If it persists to this day, it’s in large part because people like Staples have an interest in ensuring it does. He cites the work of historians like Faye Dudden, who argues that women like Stanton “dipped her pen into a tincture of white racism and sketched a reference to a nightmarish figure, the black rapist.” But this kind of presentism does little to place in context the complicated politics of the post-Civil War debate over universal suffrage.
Susan B. Anthony’s goal was women’s suffrage, and anything that stood in her way—including granting the right to vote to black men before it was granted to women—she condemned. “I will cut off this right arm of mine before I will ever work or demand the ballot for the Negro and not the woman,” Anthony said. She also invoked images of non-white men of all races as ignorant and unworthy of the vote. Such trafficking in stereotypes by today’s standards are clearly offensive and racist, but they were understood to be politically expedient by white suffragists at the time.
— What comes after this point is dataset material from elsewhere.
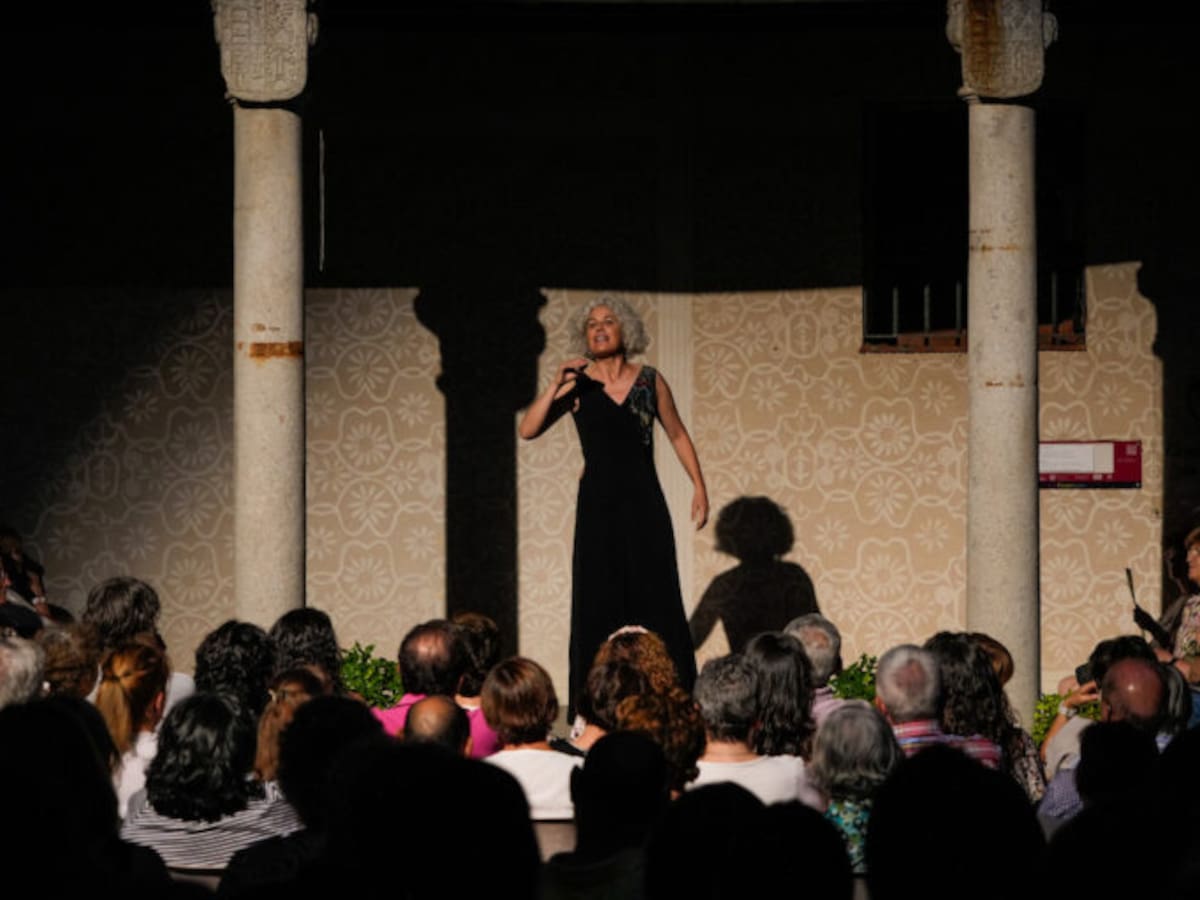 Teatro y cuentos entran en la agenda cultural en La Térmica Cultural y en La Fábrica de Luz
Focusing only on suffragists’ failures to adhere to contemporary views perpetuates a misunderstanding of the slow, painstaking, and necessary work that historians do. History is always being revised—as documents are unearthed and studied by new generations of historians, they raise new questions and bring new perspectives to old ones.
When done well, this form of revision expands our understanding of the past by enlarging it. Contra the complaints of opinion writers like Staples, historians have been doing this for years with regard to studying the contributions of black women who fought for the right to vote.
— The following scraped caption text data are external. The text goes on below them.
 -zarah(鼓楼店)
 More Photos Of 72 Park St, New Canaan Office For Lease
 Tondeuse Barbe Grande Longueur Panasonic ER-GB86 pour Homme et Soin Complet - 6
But just as the 1619 Project has as its goal erasing and replacing the story of our country’s founding with an ideological project, so, too, is this effort intended to weaken the impact of white suffragists by retroactively canceling them for their views during a time of present-day racial ferment.
This approach to studying the past is gaining power (the state of California recently passed a law mandating that every student in the California State University system must take an “ethnic studies” course to graduate). But to the extent that it views history as a racist conspiracy rather than a complicated tapestry, or as a game with winners and losers (and the losers are always figures that failed to live by contemporary standards of race, sex, or class), it contributes to confusion, not understanding.
When this happens, history ceases to be an ongoing, ever-evolving effort to understand people’s motivations and beliefs and actions in the past and instead becomes a contemporary project focused on retribution and erasure. Simplistic videos like this one get more engagement than nuanced analyses by historians. Judgments are often meted out not by scholars but by ideologically motivated journalists or, as we have seen of late, the mob (both virtual and real). Rather than enriching and expanding the complicated story of the past, we get history as the story of good vs. evil, black vs. white.
We all lose when such Manichean approaches to history prevail because its advocates have nothing to say about figures that complicate the narrative by being. . . well, complicated human beings. Where, for example, does Sojourner Truth fit into the story of white suffragists as irredeemably racist? She was a former slave and abolitionist who, like Anthony and Stanton (whom she called friends), split with Frederick Douglass over the issue of black men gaining the right to vote before women.
Historians should push back against this effort to replace the study of the past with presentist, ideological agendas. Each new generation of historians should seek to enrich and expand our knowledge of the past; replacing this kind of enlivening study of history with ideological and political expediency doesn’t only undermine our understanding of that past, but threatens to leave us far less prepared for the future.